Federal Income Taxes — It is the Fund’s intention to continue to qualify as a regulated investment company for Federal income tax purposes by complying with the appropriate provisions of Subchapter M of the Internal Revenue Code of 1986, as amended (the “Code”). Accordingly, no provision for Federal income taxes has been made in the financial statements.

The Fund evaluates tax positions taken or expected to be taken in the course of preparing the Fund’s tax returns to determine whether it is “more-likely-than-not” (i.e., greater than 50-percent) that each tax position will be sustained upon examination by a taxing authority based on the technical merits of the position. Tax positions not deemed to meet the more-likely-than-not threshold are recorded as a tax benefit or expense in the current year. The Fund did not record any tax provision in the current period. However, management’s conclusions regarding tax positions taken may be subject to review and adjustment at a later date based on factors including, but not limited to, examination by tax authorities (i.e., the last 3 tax year ends, as applicable), on-going analysis of and changes to tax laws, regulations and interpretations thereof.

The Fund utilizes a tax practice that treats a portion of the proceeds from each redemption of capital shares as a distribution of taxable net investment income and/or realized capital gain.

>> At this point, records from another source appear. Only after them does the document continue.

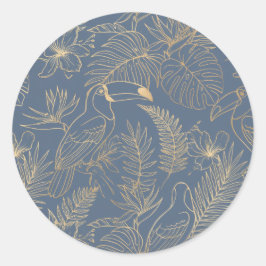 Adesivo Redondo Gold Filigree Art Deco | Toucan Estate Grey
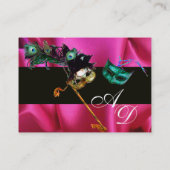 MASQUERADE BLACK PINK FUCHSIA SILK DAMASK KLOTH VISITENKARTE (Rückseite)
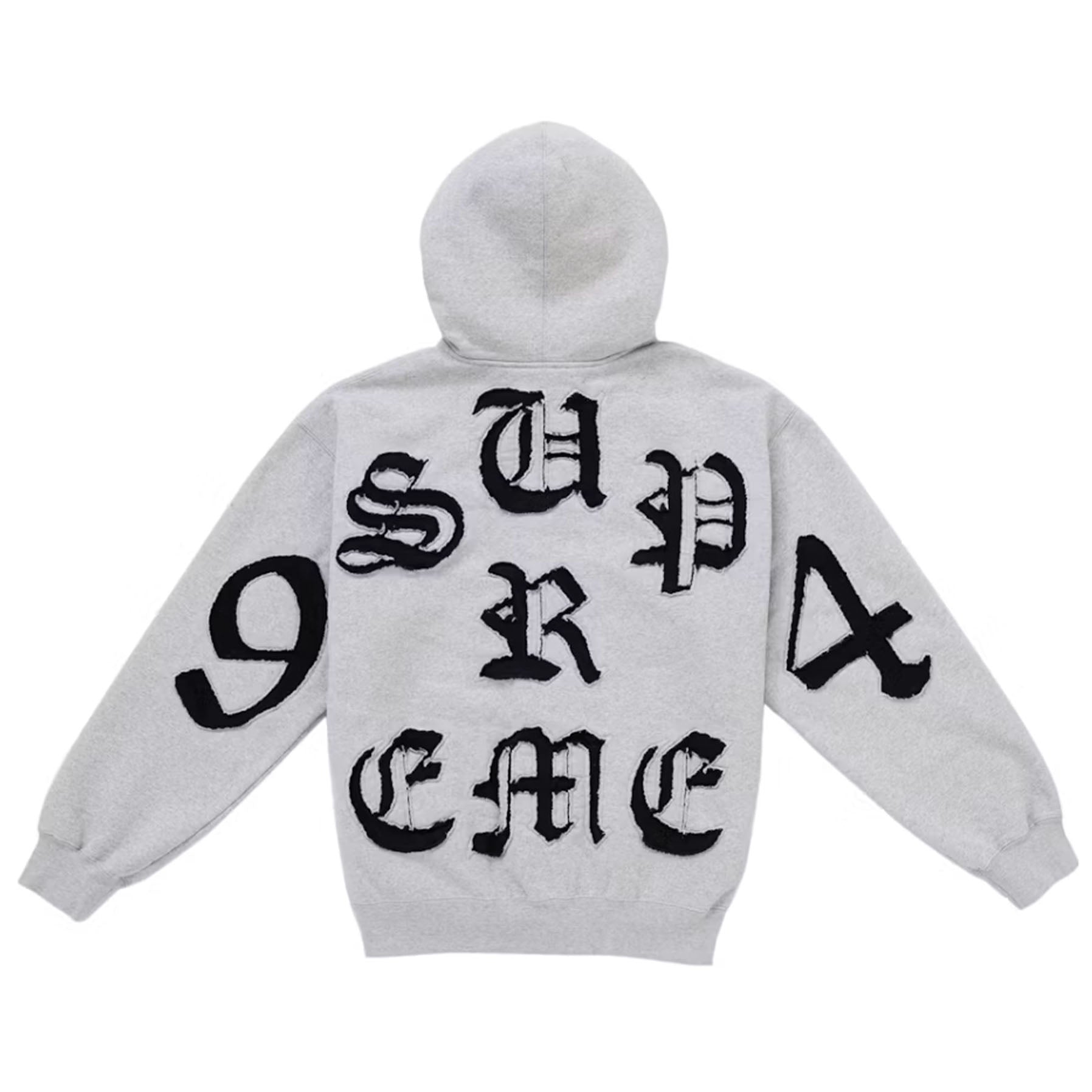 Supreme Cut Out Zip Up Hooded Sweatshirt Heather Grey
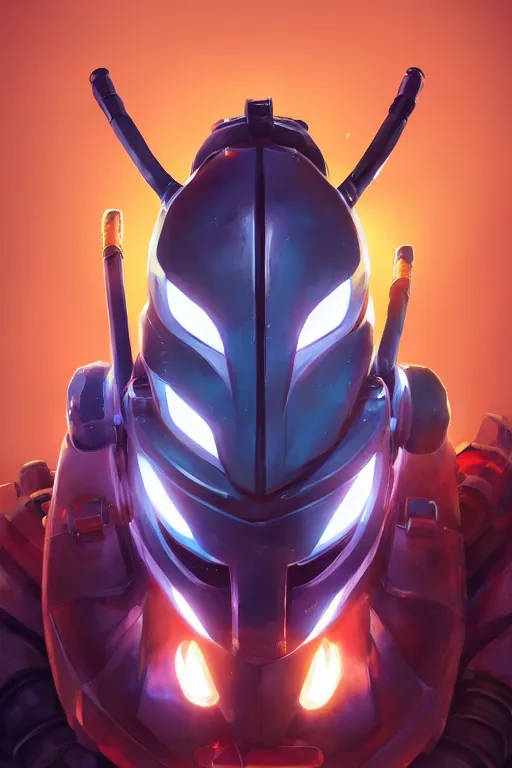 Image similar to epic mask helmet robot ninja portrait stylized as fornite style game design fanart by concept artist gervasio canda, behance hd by jesper ejsing, by rhads, makoto shinkai and lois van baarle, ilya kuvshinov, rossdraws global illumination radiating a glowing aura global illumination ray tracing hdr render in unreal engine 5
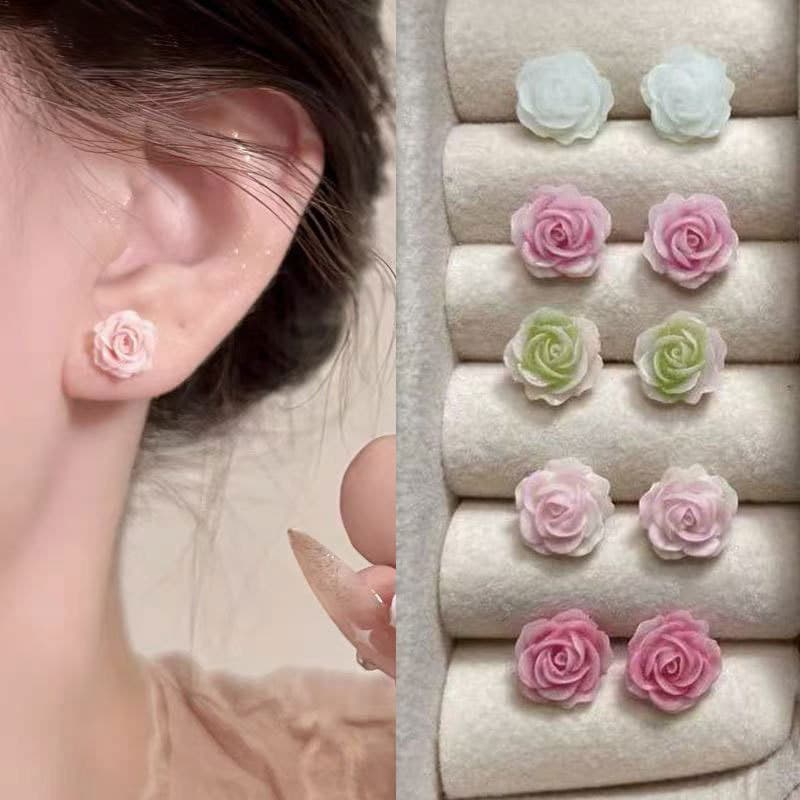 Agulha de prata resina flor brincos conjunto feminino doce elegante temperamento brincos pequenos requintados nicho High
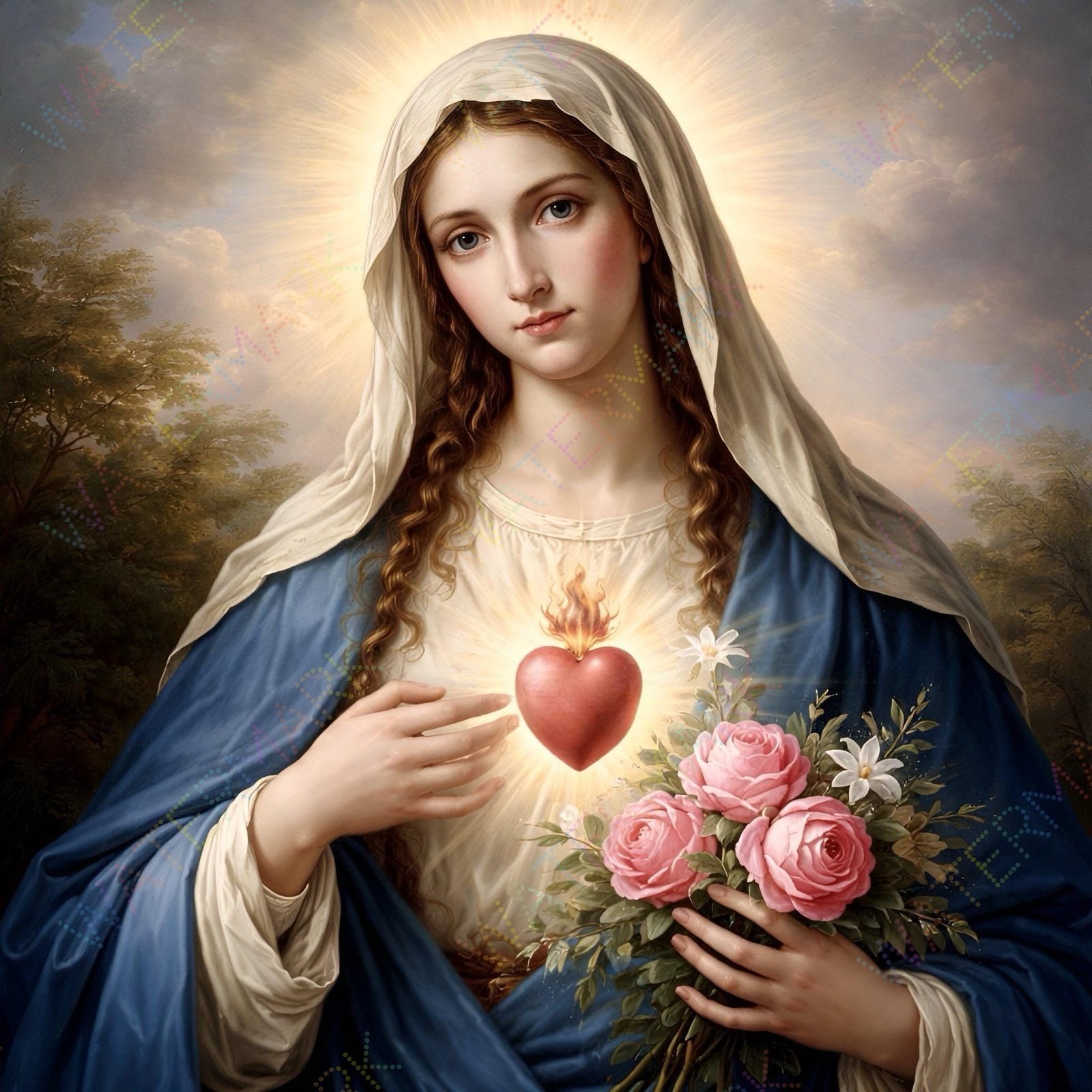 Our Lady of the Mystical Rose Canvas Art Print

As of the year ended October 31, 2020, the Fund did not have a liability for any unrecognized tax benefits. The Fund recognizes interest and penalties, if any, related to unrecognized tax benefits as income tax expense in the Statement of Operations. During the year, the Fund did not incur any significant interest or penalties.

Security Transactions and Investment Income — Security transactions are accounted for on trade date. Costs used in determining realized gains and losses on the sale of investment securities are based on the specific identification method. Dividend income is recorded on the ex-dividend date. Interest income is recognized on the accrual basis from settlement date.

 

18


THE ADVISORS’ INNER CIRCLE FUND      

            ICM SMALL COMPANY

            PORTFOLIO

                  OCTOBER 31, 2020
                  
           

 

Expenses — Most expenses of the Trust can be directly attributed to a particular Fund. Expenses which cannot be directly attributed to a particular Fund are apportioned among the Funds of the Trust based on the number of Fund and/ or relative net assets.

Dividends and Distributions to Shareholders — The Fund distributes substantially all of its net investment income, if any, quarterly. Any net realized capital gains are distributed at least annually. All distributions are recorded on ex-dividend date. The Fund’s distributions to shareholders may include return of capital received from Real Estate Investment Trusts (“REITs”).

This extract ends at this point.